**WORK TO COMPLETE:** Within the listing below, the lines to output run from the one containing "Участники антиамериканских выступлений" through the one containing "10 - 約5m〜6mございます　ハンドメイド用生地としても使いやすいでず"; copy them exactly and nothing else.
◆ ◆ ◆ ◆ ◆
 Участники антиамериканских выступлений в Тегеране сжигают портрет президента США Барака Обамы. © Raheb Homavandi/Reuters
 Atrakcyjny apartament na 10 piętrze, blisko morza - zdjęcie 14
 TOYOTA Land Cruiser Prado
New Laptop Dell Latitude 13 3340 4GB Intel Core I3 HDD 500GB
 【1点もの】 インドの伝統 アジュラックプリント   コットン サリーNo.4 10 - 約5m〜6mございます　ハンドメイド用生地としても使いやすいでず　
◆ ◆ ◆ ◆ ◆
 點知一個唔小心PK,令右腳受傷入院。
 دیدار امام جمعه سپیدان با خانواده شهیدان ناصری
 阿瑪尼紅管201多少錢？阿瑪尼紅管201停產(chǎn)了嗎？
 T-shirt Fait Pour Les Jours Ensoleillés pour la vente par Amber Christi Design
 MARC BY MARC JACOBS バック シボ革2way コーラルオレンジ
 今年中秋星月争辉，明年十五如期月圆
◆ ◆ ◆ ◆ ◆
**EXERCISE SOLUTION:**
 Участники антиамериканских выступлений в Тегеране сжигают портрет президента США Барака Обамы. © Raheb Homavandi/Reuters
 Atrakcyjny apartament na 10 piętrze, blisko morza - zdjęcie 14
 TOYOTA Land Cruiser Prado
New Laptop Dell Latitude 13 3340 4GB Intel Core I3 HDD 500GB
 【1点もの】 インドの伝統 アジュラックプリント   コットン サリーNo.4 10 - 約5m〜6mございます　ハンドメイド用生地としても使いやすいでず　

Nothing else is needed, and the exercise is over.